4) An end to countless counts. In this case, Conrad Black was charged originally with 14 crimes. That tends, through sheer weight of numbers, to favour a conviction on some counts and acquittal on others as being a kind of “moderate” “considered” “judicious” “compromise” that reasonable persons can all agree on. In other words, piling up the counts hands a huge advantage to the government. In this case, one of the 14 counts was dropped halfway through the trial, and another nine the jury acquitted Conrad on. But the four of the original 14 on which he was convicted are enough. One alone would be sufficient to ruin his life. This is the very definition of prosecutorial excess. Why not bring 20 charges or 30 or 45? After all, the odds of being acquitted of all 45 are much lower than those of being acquitted of 30 or 40.
5) An end to statute creep.

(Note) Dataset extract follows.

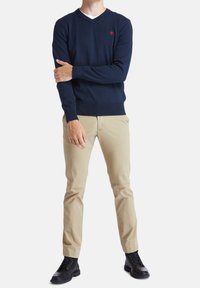 Námořnický svetr s výstřihem do V z měkkého pleteného materiálu, kombinovaný s khaki kalhotami a černými šněrovacími botami. Červený emblém na levé straně hrudi.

One of the ugliest features of American justice is the way that laws designed to address very particular situations are allowed to metastasize and be applied to anything a prosecutor fancies. The RICO statute [i.e., the Racketeer Influenced and Corrupt Organizations Act] was supposed to be for mobsters and racketeers. Conrad Black is not a racketeer but he was nevertheless charged with racketeering. And, while the prosecutorial abuse of RICO is nothing new, the abuse of the “obstruction of justice” statutes in this case are unprecedented. Hitherto, the only obstruction charges that could be brought in regards to extra-territorial actions involved witness-tampering. In that security video at 10 Toronto Street, Conrad Black may be doing all manner of things, but he’s not tampering with any witnesses. Nevertheless, a hitherto narrowly defined statute has now been massively expanded to enable prosecutors to characterize actions by foreign nationals on foreign soil in a way never contemplated by the relevant legislation. Statute creep is repugnant and should be stopped.
6) An end to de facto double jeopardy. Conrad Black is likely to wind up back in court to go through all the stuff he’s been acquitted of one mo’ time, this time in a Securities and Exchange Commission case. That would be a civil case, not a criminal one, and the US Attorney insists that the SEC is an entirely separate body. Oh, come on. The US Attorney and the SEC are both agencies of the US Government. They work in synchronicity. It’s not the same as Nicole Brown’s family suing OJ after the state’s murder case flopped. In this instance, two arms of the same organization are bringing separate cases on exactly the same matters. That’s double jeopardy—or, in fact, given the zealousness of the SEC, triple and quadruple jeopardy.
As Steyn observes, Conrad Black would have benefitted from such reforms, but then so would your run-of-the-mill alleged malefactor—“which is,” Steyn notes, “as it should be: Justice is supposed to be blind. But this system is blind drunk on its own power.” That’s where the example of chaps like Saint-Just come in: want to know what happens when the judiciary waxes moralistic and arrogates to itself ever increasing prerogatives? Take a look at the career of Louis Antoine Léon de Saint-Just. What Conrad Black got was not justice but Revolutionary justice.